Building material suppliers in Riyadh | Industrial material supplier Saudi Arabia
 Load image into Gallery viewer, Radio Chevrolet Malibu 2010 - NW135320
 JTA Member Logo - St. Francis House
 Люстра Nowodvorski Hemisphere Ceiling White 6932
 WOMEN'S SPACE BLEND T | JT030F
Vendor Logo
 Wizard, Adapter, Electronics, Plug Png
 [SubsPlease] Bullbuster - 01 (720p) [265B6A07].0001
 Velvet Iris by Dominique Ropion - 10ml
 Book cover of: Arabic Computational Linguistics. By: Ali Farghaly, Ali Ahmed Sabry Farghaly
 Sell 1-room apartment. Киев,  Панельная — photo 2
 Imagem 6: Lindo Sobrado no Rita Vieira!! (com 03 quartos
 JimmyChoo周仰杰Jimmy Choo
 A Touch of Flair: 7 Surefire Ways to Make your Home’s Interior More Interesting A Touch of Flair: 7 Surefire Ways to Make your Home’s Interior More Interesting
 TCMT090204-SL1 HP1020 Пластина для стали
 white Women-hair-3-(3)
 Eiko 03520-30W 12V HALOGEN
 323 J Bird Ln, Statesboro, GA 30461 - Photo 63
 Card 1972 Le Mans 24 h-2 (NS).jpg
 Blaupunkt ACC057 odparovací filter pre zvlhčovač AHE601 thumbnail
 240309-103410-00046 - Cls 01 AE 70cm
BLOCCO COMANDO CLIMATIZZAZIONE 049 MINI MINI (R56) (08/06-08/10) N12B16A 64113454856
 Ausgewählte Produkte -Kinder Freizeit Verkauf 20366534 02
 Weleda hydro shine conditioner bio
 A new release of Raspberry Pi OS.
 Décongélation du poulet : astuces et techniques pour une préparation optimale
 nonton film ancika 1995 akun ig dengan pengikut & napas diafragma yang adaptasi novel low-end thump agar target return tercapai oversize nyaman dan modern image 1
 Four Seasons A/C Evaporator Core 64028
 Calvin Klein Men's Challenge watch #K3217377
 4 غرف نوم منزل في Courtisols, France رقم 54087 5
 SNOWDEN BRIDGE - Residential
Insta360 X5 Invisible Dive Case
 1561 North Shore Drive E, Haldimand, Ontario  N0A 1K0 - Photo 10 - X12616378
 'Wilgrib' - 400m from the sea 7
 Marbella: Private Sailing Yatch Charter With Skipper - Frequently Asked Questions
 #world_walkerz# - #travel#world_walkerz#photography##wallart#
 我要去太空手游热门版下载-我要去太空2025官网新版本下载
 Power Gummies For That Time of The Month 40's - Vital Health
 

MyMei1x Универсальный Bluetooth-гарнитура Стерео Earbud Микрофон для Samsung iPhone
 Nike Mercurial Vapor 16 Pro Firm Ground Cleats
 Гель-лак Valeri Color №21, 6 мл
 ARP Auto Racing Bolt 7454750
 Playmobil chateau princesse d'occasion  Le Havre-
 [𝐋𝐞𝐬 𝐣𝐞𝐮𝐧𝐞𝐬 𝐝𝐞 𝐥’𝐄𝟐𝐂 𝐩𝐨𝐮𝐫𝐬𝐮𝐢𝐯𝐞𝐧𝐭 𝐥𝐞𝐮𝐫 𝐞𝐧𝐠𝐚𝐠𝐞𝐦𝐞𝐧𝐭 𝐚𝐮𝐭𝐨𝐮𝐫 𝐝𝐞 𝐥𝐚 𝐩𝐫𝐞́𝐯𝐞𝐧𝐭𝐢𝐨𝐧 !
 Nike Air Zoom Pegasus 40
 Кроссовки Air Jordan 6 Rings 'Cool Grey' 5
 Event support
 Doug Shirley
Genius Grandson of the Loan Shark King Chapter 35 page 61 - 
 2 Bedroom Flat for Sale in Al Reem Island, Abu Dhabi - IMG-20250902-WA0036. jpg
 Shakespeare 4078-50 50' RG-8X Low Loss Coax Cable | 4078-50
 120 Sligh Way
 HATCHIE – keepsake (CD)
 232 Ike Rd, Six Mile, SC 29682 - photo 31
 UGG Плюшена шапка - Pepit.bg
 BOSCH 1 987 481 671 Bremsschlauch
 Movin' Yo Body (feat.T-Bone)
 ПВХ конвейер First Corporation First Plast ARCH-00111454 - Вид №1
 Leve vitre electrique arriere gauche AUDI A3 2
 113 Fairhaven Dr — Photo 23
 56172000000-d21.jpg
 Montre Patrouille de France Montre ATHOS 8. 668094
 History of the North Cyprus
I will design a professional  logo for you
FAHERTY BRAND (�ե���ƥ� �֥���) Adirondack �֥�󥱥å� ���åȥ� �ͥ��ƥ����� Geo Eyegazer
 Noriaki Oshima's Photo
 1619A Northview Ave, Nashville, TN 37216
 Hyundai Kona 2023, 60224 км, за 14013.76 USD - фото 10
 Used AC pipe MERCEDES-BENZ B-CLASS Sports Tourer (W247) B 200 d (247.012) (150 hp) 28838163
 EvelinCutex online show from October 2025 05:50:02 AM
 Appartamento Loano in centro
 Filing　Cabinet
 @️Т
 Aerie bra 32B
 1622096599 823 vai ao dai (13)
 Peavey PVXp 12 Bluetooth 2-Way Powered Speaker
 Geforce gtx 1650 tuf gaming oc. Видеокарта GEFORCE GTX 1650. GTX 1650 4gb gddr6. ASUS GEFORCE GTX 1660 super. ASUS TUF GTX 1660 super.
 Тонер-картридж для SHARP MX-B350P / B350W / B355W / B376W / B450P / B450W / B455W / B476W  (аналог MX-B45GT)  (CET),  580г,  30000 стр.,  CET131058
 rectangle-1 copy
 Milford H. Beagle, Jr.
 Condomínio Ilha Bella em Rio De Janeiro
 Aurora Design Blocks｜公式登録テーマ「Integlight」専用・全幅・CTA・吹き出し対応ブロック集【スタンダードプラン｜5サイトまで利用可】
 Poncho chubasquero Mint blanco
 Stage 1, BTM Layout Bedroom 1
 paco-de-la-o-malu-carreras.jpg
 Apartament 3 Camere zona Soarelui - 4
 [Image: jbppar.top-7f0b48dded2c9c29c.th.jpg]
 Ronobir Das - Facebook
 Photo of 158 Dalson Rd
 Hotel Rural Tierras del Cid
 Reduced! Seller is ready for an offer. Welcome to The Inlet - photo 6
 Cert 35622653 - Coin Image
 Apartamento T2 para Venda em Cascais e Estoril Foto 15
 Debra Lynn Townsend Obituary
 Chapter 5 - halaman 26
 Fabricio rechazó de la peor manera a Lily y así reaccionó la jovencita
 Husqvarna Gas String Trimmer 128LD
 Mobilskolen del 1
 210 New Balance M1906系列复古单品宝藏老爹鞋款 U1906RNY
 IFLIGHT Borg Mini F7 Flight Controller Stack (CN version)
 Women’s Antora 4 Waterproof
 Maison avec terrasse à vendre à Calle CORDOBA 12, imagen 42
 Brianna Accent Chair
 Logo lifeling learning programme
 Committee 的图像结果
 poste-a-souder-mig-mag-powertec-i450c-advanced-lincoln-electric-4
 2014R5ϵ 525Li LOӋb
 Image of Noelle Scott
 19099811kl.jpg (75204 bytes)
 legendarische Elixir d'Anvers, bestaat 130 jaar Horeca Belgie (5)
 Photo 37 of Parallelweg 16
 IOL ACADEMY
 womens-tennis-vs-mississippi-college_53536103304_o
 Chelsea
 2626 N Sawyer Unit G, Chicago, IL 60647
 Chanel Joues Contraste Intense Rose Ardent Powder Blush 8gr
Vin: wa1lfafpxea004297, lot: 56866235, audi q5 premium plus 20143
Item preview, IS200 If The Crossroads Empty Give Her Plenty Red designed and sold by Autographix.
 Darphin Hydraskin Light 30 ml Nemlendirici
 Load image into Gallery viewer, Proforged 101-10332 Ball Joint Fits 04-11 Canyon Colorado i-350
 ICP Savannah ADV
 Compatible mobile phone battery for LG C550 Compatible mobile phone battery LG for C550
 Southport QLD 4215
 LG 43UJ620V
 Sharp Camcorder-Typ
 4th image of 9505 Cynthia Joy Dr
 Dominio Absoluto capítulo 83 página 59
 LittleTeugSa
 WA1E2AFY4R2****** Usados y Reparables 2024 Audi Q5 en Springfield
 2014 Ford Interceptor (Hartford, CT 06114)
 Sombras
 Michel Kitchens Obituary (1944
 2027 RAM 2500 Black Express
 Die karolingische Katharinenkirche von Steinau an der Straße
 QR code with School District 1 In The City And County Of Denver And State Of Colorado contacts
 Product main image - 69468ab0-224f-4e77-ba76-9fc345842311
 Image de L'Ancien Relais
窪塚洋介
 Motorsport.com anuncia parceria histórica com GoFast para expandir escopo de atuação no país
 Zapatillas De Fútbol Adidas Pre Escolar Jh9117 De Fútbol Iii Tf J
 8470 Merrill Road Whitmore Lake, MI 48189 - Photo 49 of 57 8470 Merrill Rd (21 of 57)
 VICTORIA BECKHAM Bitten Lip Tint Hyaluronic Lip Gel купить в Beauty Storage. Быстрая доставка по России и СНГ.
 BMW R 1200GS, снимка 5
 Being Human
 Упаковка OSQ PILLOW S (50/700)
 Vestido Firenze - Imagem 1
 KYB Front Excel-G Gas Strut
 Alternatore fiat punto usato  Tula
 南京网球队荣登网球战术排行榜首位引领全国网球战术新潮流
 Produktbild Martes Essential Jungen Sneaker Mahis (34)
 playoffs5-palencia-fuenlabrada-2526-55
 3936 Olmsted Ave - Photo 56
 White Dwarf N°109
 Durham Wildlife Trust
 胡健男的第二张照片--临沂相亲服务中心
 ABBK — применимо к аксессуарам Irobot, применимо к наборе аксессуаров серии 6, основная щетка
_ _ _ _
_Problem statement_
The entries above hold a line with "JTA Member Logo - St. Francis House" and a later line with "Marbella: Private Sailing". Write out exactly those lines and all lines between, nothing more.

_Result for this exercise_
 JTA Member Logo - St. Francis House
 Люстра Nowodvorski Hemisphere Ceiling White 6932
 WOMEN'S SPACE BLEND T | JT030F
Vendor Logo
 Wizard, Adapter, Electronics, Plug Png
 [SubsPlease] Bullbuster - 01 (720p) [265B6A07].0001
 Velvet Iris by Dominique Ropion - 10ml
 Book cover of: Arabic Computational Linguistics. By: Ali Farghaly, Ali Ahmed Sabry Farghaly
 Sell 1-room apartment. Киев,  Панельная — photo 2
 Imagem 6: Lindo Sobrado no Rita Vieira!! (com 03 quartos
 JimmyChoo周仰杰Jimmy Choo
 A Touch of Flair: 7 Surefire Ways to Make your Home’s Interior More Interesting A Touch of Flair: 7 Surefire Ways to Make your Home’s Interior More Interesting
 TCMT090204-SL1 HP1020 Пластина для стали
 white Women-hair-3-(3)
 Eiko 03520-30W 12V HALOGEN
 323 J Bird Ln, Statesboro, GA 30461 - Photo 63
 Card 1972 Le Mans 24 h-2 (NS).jpg
 Blaupunkt ACC057 odparovací filter pre zvlhčovač AHE601 thumbnail
 240309-103410-00046 - Cls 01 AE 70cm
BLOCCO COMANDO CLIMATIZZAZIONE 049 MINI MINI (R56) (08/06-08/10) N12B16A 64113454856
 Ausgewählte Produkte -Kinder Freizeit Verkauf 20366534 02
 Weleda hydro shine conditioner bio
 A new release of Raspberry Pi OS.
 Décongélation du poulet : astuces et techniques pour une préparation optimale
 nonton film ancika 1995 akun ig dengan pengikut & napas diafragma yang adaptasi novel low-end thump agar target return tercapai oversize nyaman dan modern image 1
 Four Seasons A/C Evaporator Core 64028
 Calvin Klein Men's Challenge watch #K3217377
 4 غرف نوم منزل في Courtisols, France رقم 54087 5
 SNOWDEN BRIDGE - Residential
Insta360 X5 Invisible Dive Case
 1561 North Shore Drive E, Haldimand, Ontario  N0A 1K0 - Photo 10 - X12616378
 'Wilgrib' - 400m from the sea 7
 Marbella: Private Sailing Yatch Charter With Skipper - Frequently Asked Questions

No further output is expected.